On Jan 16, 2017, at 08:28, J?rgen Kaiser <kaiserj@uni-mainz.de> wrote:
> 
> Hello everyone,
> 
> my name is J?rgen Kaiser and I'm a research assistant at the Johannes Gutenberg University Mainz. As part of an IPCC project, we developed a tool for handling Quality of Service requirements in Lustre. We would like to explain what we did and hear your thoughts about it. We hope that our work will help the Lustre community in the future.
> 
> ==== What we did ===
> 
> HPC centers typically use scheduling systems such as LSF or Slurm to manage the computations of the users and the resources themselves. These schedulers force the users to define compute jobs and to submit these jobs to the schedulers. In return, the schedulers guarantee the users that their job will have the required compute resources. So far, storage bandwidth is (mostly) excluded from the list of managed resources. Unlike resources like CPU or memory, there is no easy method for schedulers to handle storage bandwidth because they lack knowledge about storage system internals. For example, a scheduler must know the placement of a file?s data on Lustre's OSTs plus the workload as well as the maximum performance of the involved parts to reason about the available read throughput for the file.
> 
> It would be more practical if the storage system would provide a generic API for schedulers to set Quality of Service (QoS) configurations while abstracting the internal dependencies. With such an interface, a scheduler easily could request available storage resources. In our project, we're developing a Quality of Service Planner (QoSP) that provides this interface. Its task is to receive storage bandwidth requests (e.g. 100MB/s read throughput for files X,Y,Z for one hour), check for resource availability and, if available, guarantee the reserved resources by configuring Lustre. The main tool here is a (modified) TBF strategy in Lustre's NRS.

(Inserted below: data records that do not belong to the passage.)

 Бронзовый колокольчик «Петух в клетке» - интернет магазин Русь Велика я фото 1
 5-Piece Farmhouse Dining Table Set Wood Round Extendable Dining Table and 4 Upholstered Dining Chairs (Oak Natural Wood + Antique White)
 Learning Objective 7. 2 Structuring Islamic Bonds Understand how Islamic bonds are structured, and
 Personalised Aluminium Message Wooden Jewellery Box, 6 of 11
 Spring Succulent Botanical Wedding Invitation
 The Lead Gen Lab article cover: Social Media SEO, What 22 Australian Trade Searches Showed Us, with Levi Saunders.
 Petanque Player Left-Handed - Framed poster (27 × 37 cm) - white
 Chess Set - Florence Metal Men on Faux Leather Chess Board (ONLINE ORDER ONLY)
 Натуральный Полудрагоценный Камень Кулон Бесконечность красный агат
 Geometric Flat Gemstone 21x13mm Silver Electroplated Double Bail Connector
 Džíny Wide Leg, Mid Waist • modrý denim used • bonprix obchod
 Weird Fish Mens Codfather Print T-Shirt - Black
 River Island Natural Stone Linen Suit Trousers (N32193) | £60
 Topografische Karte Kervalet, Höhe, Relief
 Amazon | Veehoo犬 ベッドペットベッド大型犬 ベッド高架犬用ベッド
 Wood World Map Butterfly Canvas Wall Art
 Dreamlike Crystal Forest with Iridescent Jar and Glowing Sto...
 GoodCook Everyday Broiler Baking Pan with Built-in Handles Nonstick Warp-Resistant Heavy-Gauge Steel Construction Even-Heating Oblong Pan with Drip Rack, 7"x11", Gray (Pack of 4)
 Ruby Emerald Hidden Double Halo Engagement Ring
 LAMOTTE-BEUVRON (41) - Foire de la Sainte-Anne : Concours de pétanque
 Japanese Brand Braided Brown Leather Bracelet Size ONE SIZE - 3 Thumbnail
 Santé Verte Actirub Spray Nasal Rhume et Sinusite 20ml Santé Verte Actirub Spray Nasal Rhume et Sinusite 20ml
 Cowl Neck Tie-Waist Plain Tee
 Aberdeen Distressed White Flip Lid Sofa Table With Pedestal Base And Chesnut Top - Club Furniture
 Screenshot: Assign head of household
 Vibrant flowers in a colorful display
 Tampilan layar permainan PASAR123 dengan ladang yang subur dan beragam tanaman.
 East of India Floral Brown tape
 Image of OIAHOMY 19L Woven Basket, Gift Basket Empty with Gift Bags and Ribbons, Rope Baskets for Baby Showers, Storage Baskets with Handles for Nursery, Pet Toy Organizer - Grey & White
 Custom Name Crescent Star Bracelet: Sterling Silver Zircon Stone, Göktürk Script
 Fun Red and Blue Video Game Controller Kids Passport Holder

I think there is an open question about what sort of granularity of I/O bandwidth an application needs in order to do its job.  I think the main goal of the user is to avoid having their job contend with another large job that is consuming all of the bandwidth for a long period of time, but they don't necessarily need real-time I/O guarantees.  At the same time, from process scheduling on CPUs we know the most globally efficient scheduling algorithm is "shortest job first", so that small jobs can complete their I/O quickly and return to computation, while the large job is going to take a long time in either case.

It may be that instead of working on hard bandwidth guarantees (i.e job A needs 100MB/s, while job B needs 500MB/s), which is hard for users to determine (they want to get the maximum bandwidth all of the time?) it might be better to have jobs provide information about how large their I/O is going to be, and how often.  That is something that users can determine quite easily from one run to the next, and would allow a global scheduler to know that job A wants to read 10 GB of files every 10 minutes, while job B wants to write 10TB of data every 60 minutes, and when job A starts its read it should preempt job B (if currently doing I/O) so it can complete all of its reads quickly and go back to work, and job B will still be writing that 10TB long after job A has finished.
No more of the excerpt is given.